LAURENCE : Ouais, c’est vrai qu’on parle beaucoup du choc des civilisations et du fait que : est-ce que la Chine va devenir le nouveau modèle civilisationnel ? On en parle beaucoup depuis la gestion de la crise, de la Covid, etc. Franchement, je ne sais pas. Moi, je ne suis pas politologue, je ne sais pas quelles sont les ambitions de la Chine à ce niveau-là. Moi, je me place plutôt du point de vue des entreprises et de comment aujourd’hui, à l’heure où les marques deviennent un peu des ambassadeurs culturels, comment décoder ? Tu parlais tout à l’heure du féminisme et de la question des femmes. C’est vrai que c’est intéressant de voir aujourd’hui que les différentes problématiques et comment des enjeux sociétaux se posent différemment en Chine, aux États-Unis, en France. Sur la question des femmes par exemple, en France, aux États-Unis, c’est un sujet qui n’est plus tellement sur le devant de la scène, moi j’ai l’impression. En France, c’était pas mal sur les inégalités salariales aux États-Unis, c’était MeeToo et la masculinité toxique. En Chine, c’est intéressant de voir qu’on n’en est pas encore là, on en est encore à des questions d’indépendance de la femme. Il y a un énorme regain de féminisme en Chine et le sujet, c’est le droit pour la femme de se marier plus tard, de prolonger ses études, de faire carrière, etc, et ça, c’est important de tenir compte de ces écarts parce qu’on n’en est pas du tout au même niveau dans le combat féministe en Chine. C’est assez flagrant, si on regarde les séries télé chinoises, de voir la femme sûre d’elle qui va assez carriériste, l’homme est vraiment en fonction support, alors qu’en France, si on regarde les séries télé, c’est plutôt la femme, elle n’en est pas là à la femme, elle veut le work/life balance, elle veut avoir un métier qui a du sens, etc. C’est intéressant de voir comment les marques comprennent, résonnent ou au contraire ne comprennent pas du tout ses valeurs sociétales.

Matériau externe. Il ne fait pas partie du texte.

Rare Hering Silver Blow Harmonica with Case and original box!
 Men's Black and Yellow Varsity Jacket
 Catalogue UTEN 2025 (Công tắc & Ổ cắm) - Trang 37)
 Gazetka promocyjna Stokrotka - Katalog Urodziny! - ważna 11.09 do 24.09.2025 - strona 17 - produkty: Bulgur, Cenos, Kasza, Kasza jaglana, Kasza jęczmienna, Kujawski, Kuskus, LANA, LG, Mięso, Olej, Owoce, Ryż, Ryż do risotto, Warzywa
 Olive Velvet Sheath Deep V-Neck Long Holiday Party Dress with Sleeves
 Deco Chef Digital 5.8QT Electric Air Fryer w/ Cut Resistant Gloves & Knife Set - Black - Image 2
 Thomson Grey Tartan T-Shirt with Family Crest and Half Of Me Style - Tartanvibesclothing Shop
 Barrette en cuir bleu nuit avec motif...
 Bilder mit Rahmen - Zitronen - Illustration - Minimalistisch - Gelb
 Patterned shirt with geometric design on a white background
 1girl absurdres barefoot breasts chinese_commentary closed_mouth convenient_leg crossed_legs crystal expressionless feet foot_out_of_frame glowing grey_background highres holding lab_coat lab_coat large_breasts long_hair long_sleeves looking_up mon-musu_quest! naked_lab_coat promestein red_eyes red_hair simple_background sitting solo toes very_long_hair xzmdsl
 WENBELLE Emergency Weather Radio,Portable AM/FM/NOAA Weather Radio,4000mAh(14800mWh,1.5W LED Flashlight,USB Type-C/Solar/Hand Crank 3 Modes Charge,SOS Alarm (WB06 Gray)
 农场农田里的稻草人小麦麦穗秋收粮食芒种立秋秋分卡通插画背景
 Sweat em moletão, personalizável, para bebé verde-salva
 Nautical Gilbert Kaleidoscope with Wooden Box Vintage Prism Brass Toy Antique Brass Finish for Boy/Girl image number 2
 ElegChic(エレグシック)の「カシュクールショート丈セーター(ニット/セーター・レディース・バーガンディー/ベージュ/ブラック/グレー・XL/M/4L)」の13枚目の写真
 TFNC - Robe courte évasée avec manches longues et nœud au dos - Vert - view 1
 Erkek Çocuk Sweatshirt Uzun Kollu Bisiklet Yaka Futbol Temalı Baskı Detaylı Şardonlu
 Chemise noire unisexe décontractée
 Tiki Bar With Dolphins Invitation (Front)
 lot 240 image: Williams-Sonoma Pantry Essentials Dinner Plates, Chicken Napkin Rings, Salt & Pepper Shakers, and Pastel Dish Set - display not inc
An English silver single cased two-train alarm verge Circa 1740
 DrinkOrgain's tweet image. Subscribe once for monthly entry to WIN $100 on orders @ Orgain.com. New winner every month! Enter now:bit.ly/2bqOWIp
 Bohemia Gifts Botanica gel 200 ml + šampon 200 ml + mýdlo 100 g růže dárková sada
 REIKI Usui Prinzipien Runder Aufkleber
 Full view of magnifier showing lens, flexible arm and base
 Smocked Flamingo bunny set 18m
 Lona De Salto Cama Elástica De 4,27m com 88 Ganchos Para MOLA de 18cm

GRÉGORY : Mais en fait, d’un côté tu dis que dans les séries, ou alors je n’ai pas compris, mais que dans les séries chinoises l’homme est fonction support, la femme est super sûr d’elle, etc, mais dans la réalité en fait on est encore dans une situation où la femme se bat pour pouvoir se marier plus tard, alors qu’en France le sujet il est complètement encore ouvert. On a eu dernièrement tout cas tout un débat autour du crop top entre autres. Des séries où la femme est beaucoup plus dans une recherche de trouver un équilibre, alors qu’en réalité elle est beaucoup plus libérée de ce que je comprends de ce que tu dis, qu’en Chine.

LAURENCE : Alors non, il y a bien sûr un écart entre les représentations et les réalités sociales. La Chine, si tu regardes l’index parité hommes femmes, sur la condition de la femme, la Chine est très mal classée par rapport à la France qui est dans les premiers dans le top 10 je crois. Donc non. En revanche, ce qui est intéressant, c’est de voir la dynamique. Je pense qu’en Chine, il y a un rapport à la femme très particulier, parce que la politique de l’enfant unique. Donc c’est vrai que les femmes ont été relativement investies par rapport à d’autres pays asiatiques comme le Japon ou la Corée, là où la condition des femmes est vraiment en arrière. Puis surtout, il y a eu la Révolution culturelle, donc la Révolution culturelle, c’est la femme égale de l’homme, ce sont toutes ces représentations pendant la période maoïste, de femme aux combats, de femmes qui conduisent des tracteurs, qui réparent les pylônes électriques et surtout qui s’habillent comme l’homme. Il y avait déjà une espèce de androgynisation de la femme et je pense que la femme en Chine a mis beaucoup de temps. Aujourd’hui, la femme n’est pas du tout libérée en Chine.